First Published 2007-06-29


Abbas denounced the bloody Hamas coup d'etat

 
Abbas urges Socialist leaders to help isolate Hamas

 
Palestinian president calls for Socialist leaders’ support to defeat objectives of ‘putschists’.

 
By Aude Marcovitch - GENEVA

Palestinian president Mahmud Abbas on Friday called on Socialist leaders gathered in Geneva to support his attempts to isolate the Islamist Hamas movement, which has taken control of the Gaza Strip.

Abbas told the 400 delegates of the Socialist International (SI) that he was "determined to isolate the (Hamas) coup d'etat, delegitimise all militias, and enfore law and order over all parts of the Palestinian territory."

He denounced the "bloody Hamas coup d'etat... which was accompanied by a series of crimes, murders and aggression against everything Palestinians stand for."

He also warned that "there are those in our region who support those who staged the coup d'etat with the objective of hindering any progress in our region towards balanced and genuine solutions to our problems."

"I am confident in your continued support in all spheres, in order to defeat the objectives of the putschists," Abbas said.

The beleaguered Palestinian president, who heads the secular Fatah movement, was greeted with a standing ovation by delegates, and went on to call for talks with Israel.

"I renew my message to the Israeli people, our hands are extended to you in order to achieve a just and comprehensive peace," he said.

The head of Israel's left-wing Meretz party, Yossi Beilin, meanwhile criticised the peace-building "Quartet" of the European Union, United States, United Nations and Russia -- for which former British prime minister Tony Blair has just been named a new envoy -- as a catastrophe.

"I think the Quartet is a true catastrophe for the Middle East," he told the council, saying the US was too passive and the EU too unwieldy.

"I hope that the nomination of Tony Blair will change things. But there would have to be a miracle, he'd have to be a real magician when the problems are so deep," Beilin said.

Instead, Beilin said the best hope for peace was the Arab plan, first launched in 2002, which offers Israel normal ties if it withdraws from all land conquered in the 1967 Six Day War.

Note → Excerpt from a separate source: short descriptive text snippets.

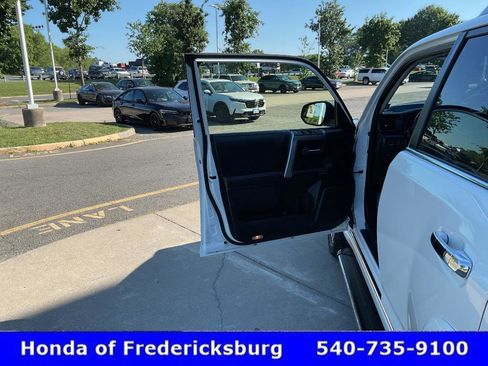 Used 2023 Toyota 4Runner Limited AWD/4WD image 16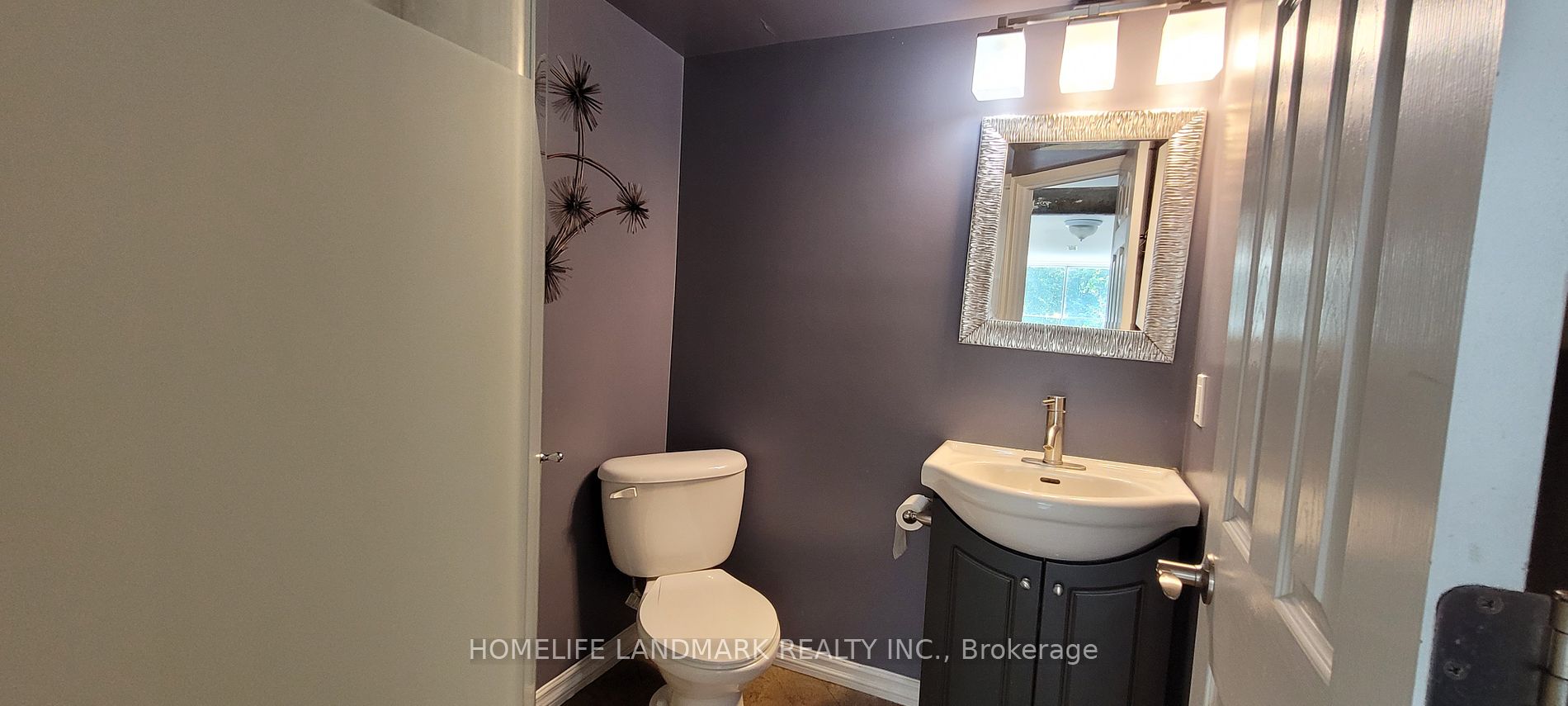 39 Bernick Dr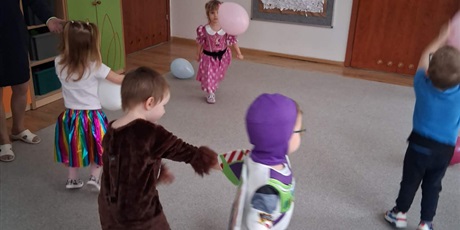 Powiększ grafikę: Krasnoludki w strojach karnawałowych - tańce i zabawy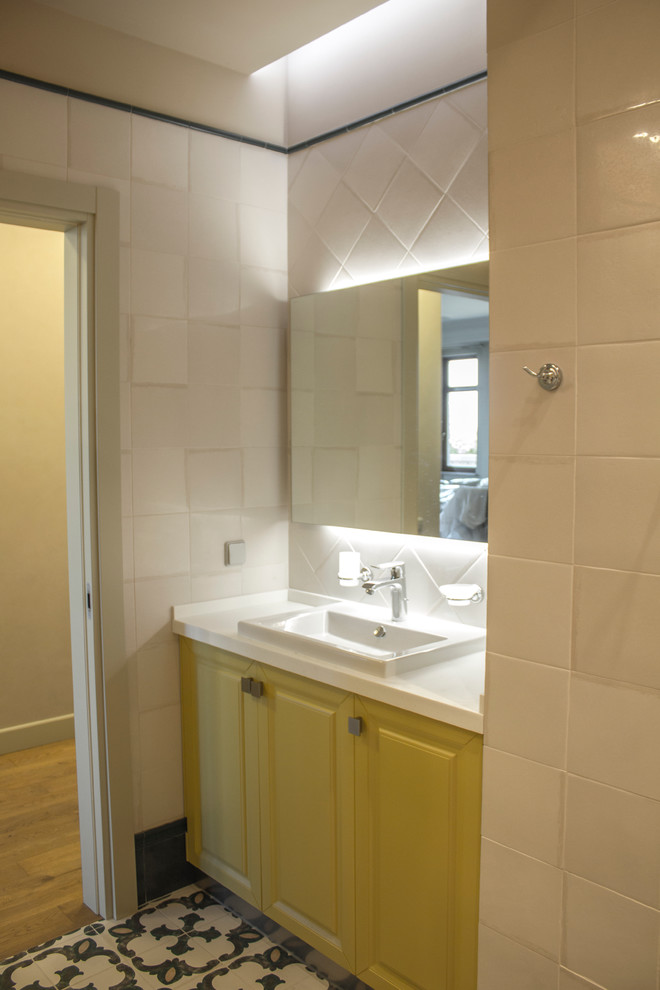 На фото: маленькая ванная комната в стиле фьюжн с белыми стенами и душевой кабиной для на участке и в саду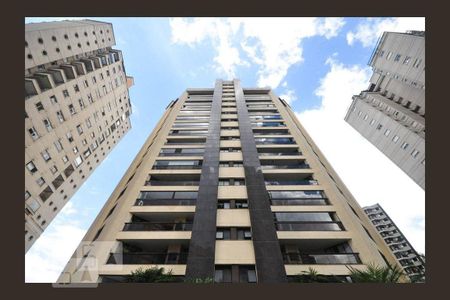 Apartamento à venda com 220m², 3 quartos e 4 vagas Apartamento à venda com 220m², 3 quartos e 4 vagasFachada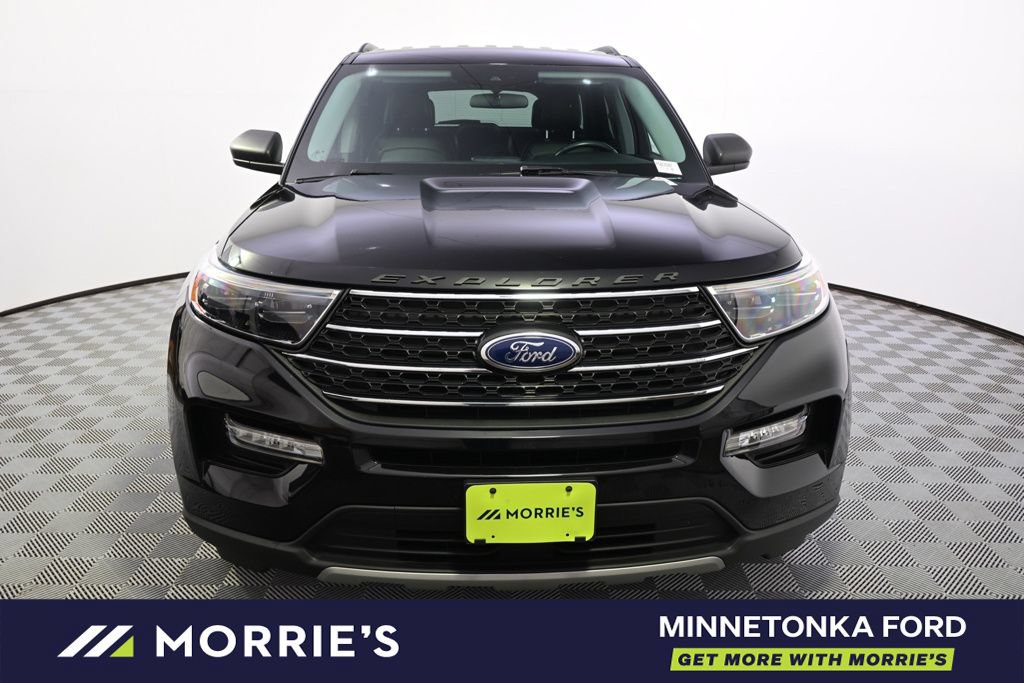 Certified 2023 Ford Explorer XLT w/ Equipment Group 202A AWD/4WD image 10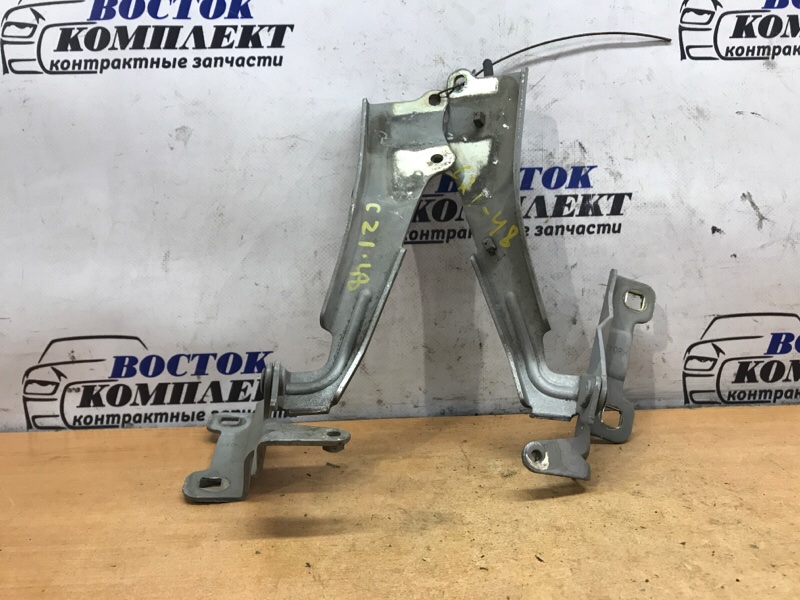 Петля капота Nissan Serena 2006 C25 MR20DE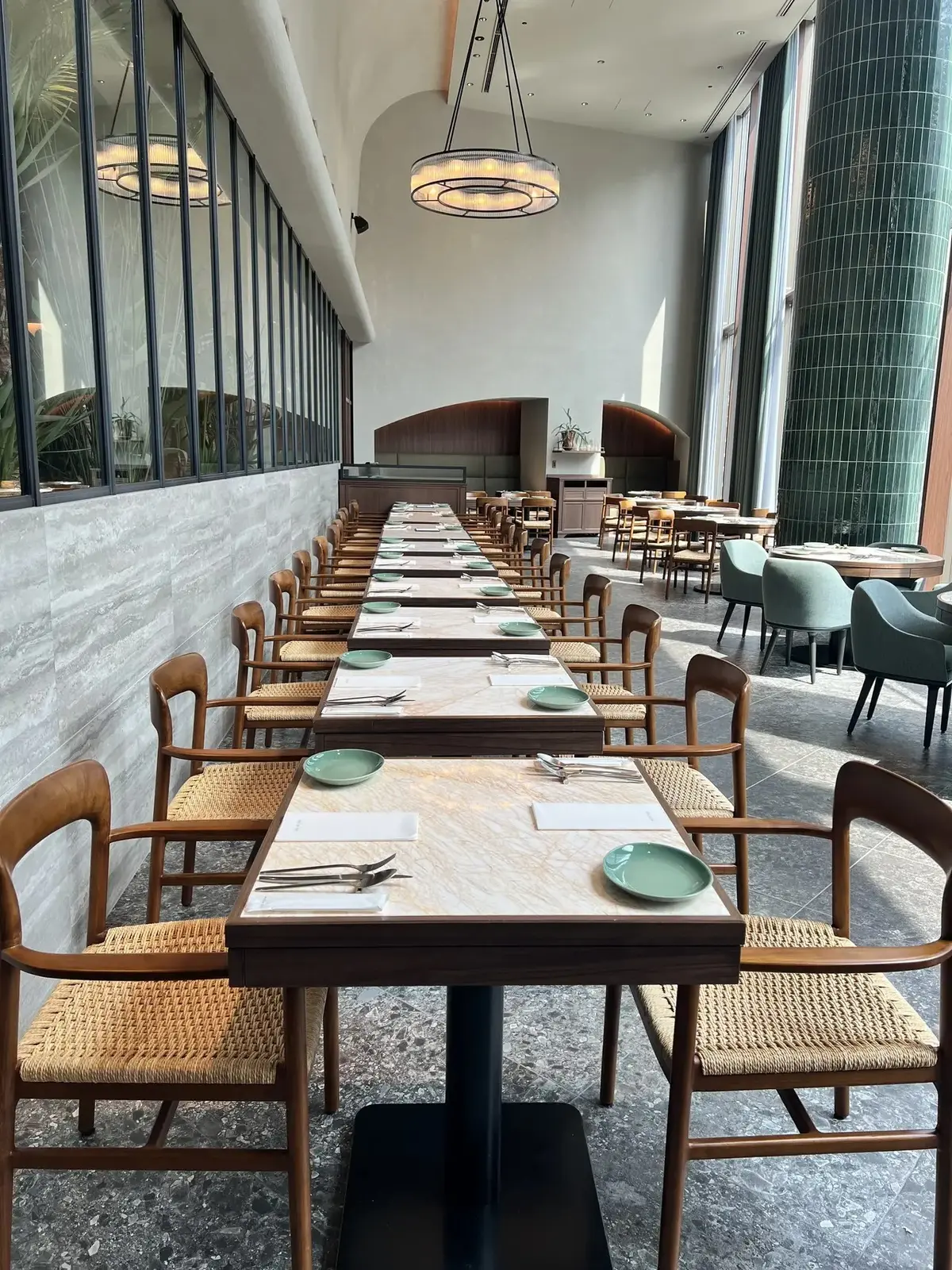 ショート丈ジレでグラングリーン大阪の人気ランチへ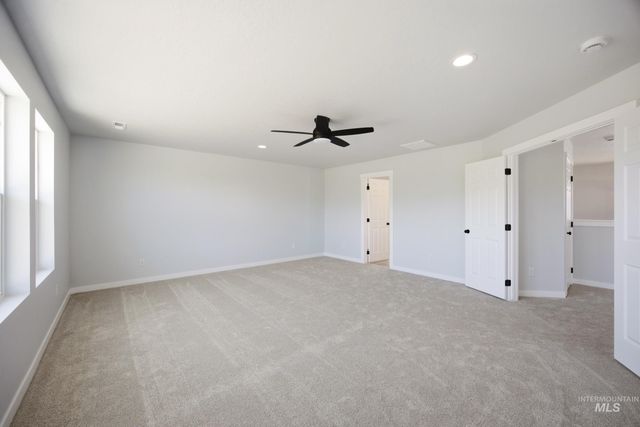 9401 W Blazing Star St, Nampa, ID 83687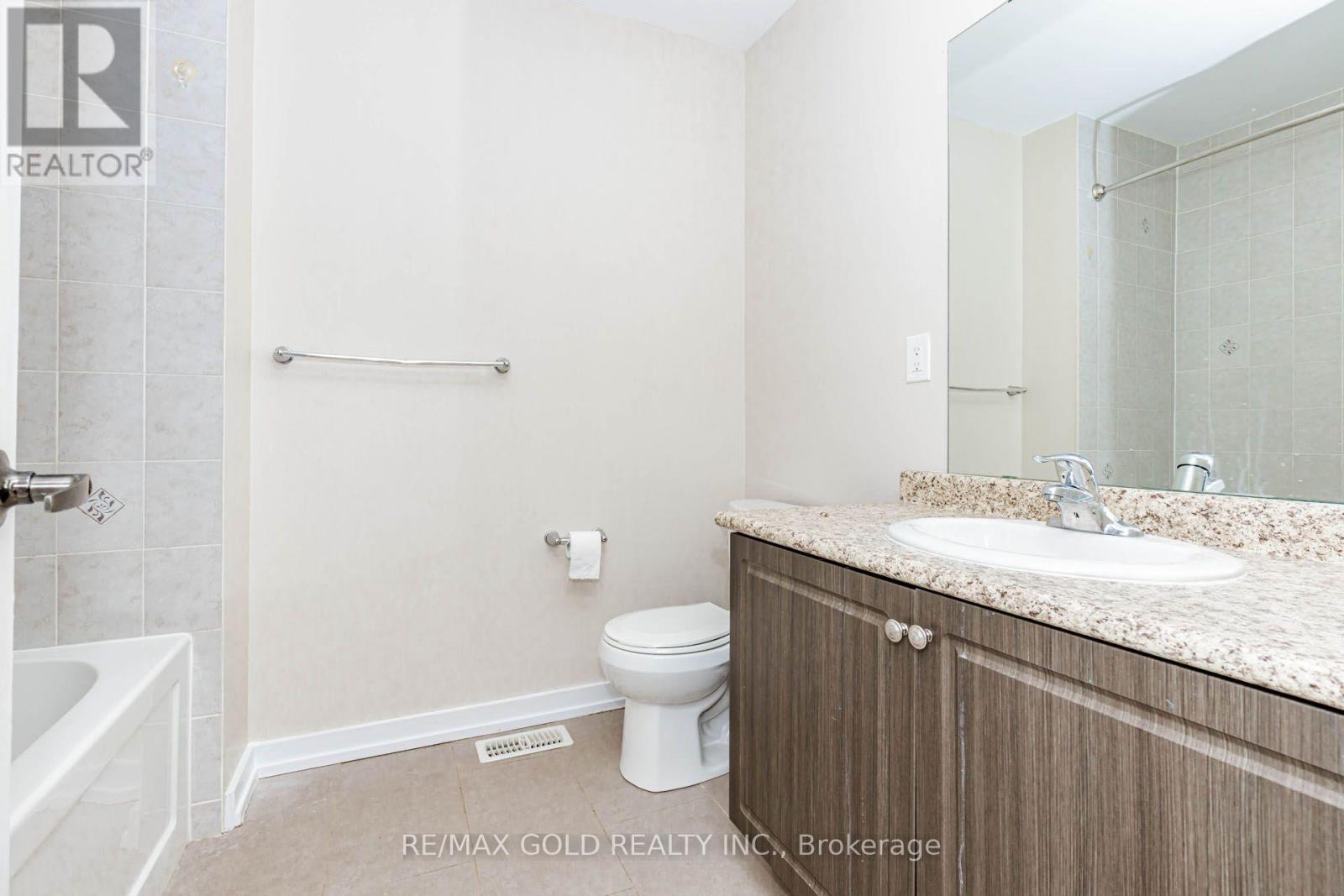 22 CLINTON STREET - 22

Just hours after standing down as British prime minister on Wednesday, Blair was named international envoy for the Quartet.

Arab commentators and analysts quickly dismissed Blair as a lackey of US President George W. Bush, incapable of easing Palestinian hardship or bringing peace to the troubled region.

However, Abbas welcomed his nomination and "has given the assurance that he will work with (him) to arrive at a peaceful solution on the basis of two states," chief negotiator Saeb Erakat said earlier this week.

The biannual council of the Socialist International is being attended by other key figures from the Middle East, including Iraq's President Jalal Talabani, Lebanon's Druze leader Walid Jumblatt, and the head of Iraqi Kurdistan's autonomous government Massud Barzani.